War on Christmas, Part I: X-mas

N.B.: What follows below is a post from the archives, edited slightly and updated:

At some point this month you’re bound to hear the complaint that people have introduced the use of “X-mas” in place of “Christmas” as a way to take Christ out of Christmas. Although there may be a few people who use X-mas in this fashion, the origin of its use means quite the opposite.
We find in early Christian art the use of a monogram (called, creatively, the Chi-Rho) for Jesus Christ comprised of the Greek letters chi and rho, the first two letters of the title “Christos” (in Greek, ΧΡΙΣΤΟΣ). It just so happens that the Greek rho resembles the Latin letter “P” and the Greek chi resembles the Latin letter “X”.

An ancient Christian sarcophagus with the Chi-Rho,
the monogram for Christ.
After the Emperor Constantine I’s Battle at the Milvian Bridge where he saw this sign, the monogram for Christ, above the sun with the words “In this sign you will conquer,” the use of the monogram became customary.
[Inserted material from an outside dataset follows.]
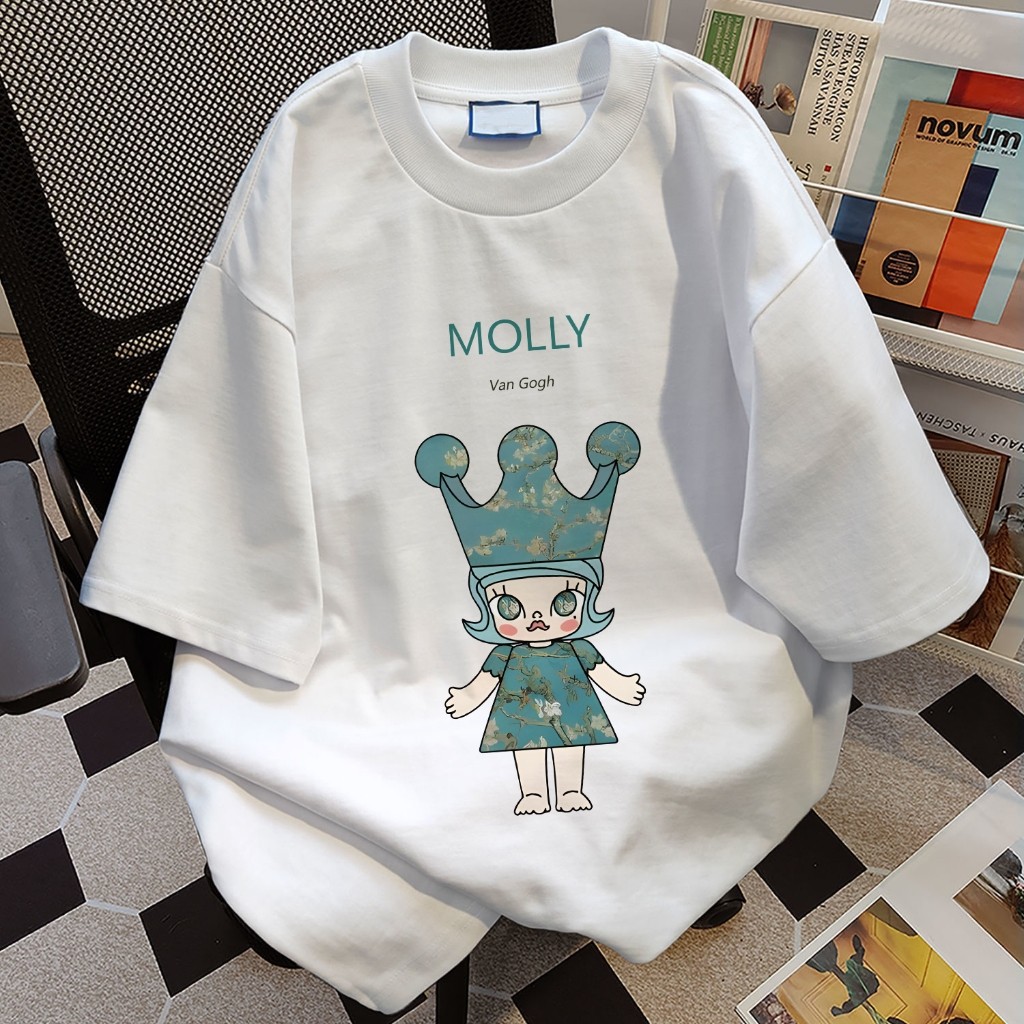 COD✅ (ส่งจากกรุงเทพ)BOOM Shop เสื้อยืด caybaby โอเวอร์ไซส์ 100%Cotton T-shirt ลายการ์ตูนน่ารักหลวม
It is found on coins, in Bibles, on tombs and in general works of art.

The early Church historian Eusebius describes the monogram as “the symbol of the Savior's name, two letters indicating the name of Christ by means of its initial characters, the letter P being intersected by X in its center” (Life of Constantine 1.31). The early Christians, then, abbreviated the name of Christ by placing what looks to us as a “P” intersecting an “X” (vellum wasn't cheap and it was cost effective to save space; carving wasn't a simple affair either).

Sometime afterwards it became customary to abbreviate the name of Christ in this way not only in artwork but also in writing (as one who does so on the black, green or white board, too, it is easier, and more fun). This abbreviated monogram worked well enough until the advent of the printing press and, more recently, of the common keyboard found on typewriters and computers. Have you ever found a keyboard that can type a P directly over an X in such a way as to intersect it? Neither have I.
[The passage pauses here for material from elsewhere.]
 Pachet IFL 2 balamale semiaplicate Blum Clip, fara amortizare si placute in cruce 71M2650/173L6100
Consequently, it became customary to abbreviate the name of Christ simply with the first letter of his name, the Greek letter chi: X. Hence, X-mas is the abbreviation of Christmas, which itself is an abbreviation of sorts for “the Mass of Christ,” much like “Candlemas” is the abbreviation of “The Mass of Candles” and “Michaelmas” is the abbreviation of the “Mass of St. Michael.”

So, the next time somebody tells you that “X-mas” is one of many attacks on Christmas you might fill them in on the truth of the story. Then you might tell them that very name of this most treasured of days comes from the Catholic Church and invite them to join you for the true “Christmas:” Mass in honor of the Nativity of Our Lord Jesus Christ.

The monogram on the altar
of St. Anthony of Padua church, Effingham, Illinois
Doing so, it seems to me, could be an effective to gain a little ground in the culture war of the day.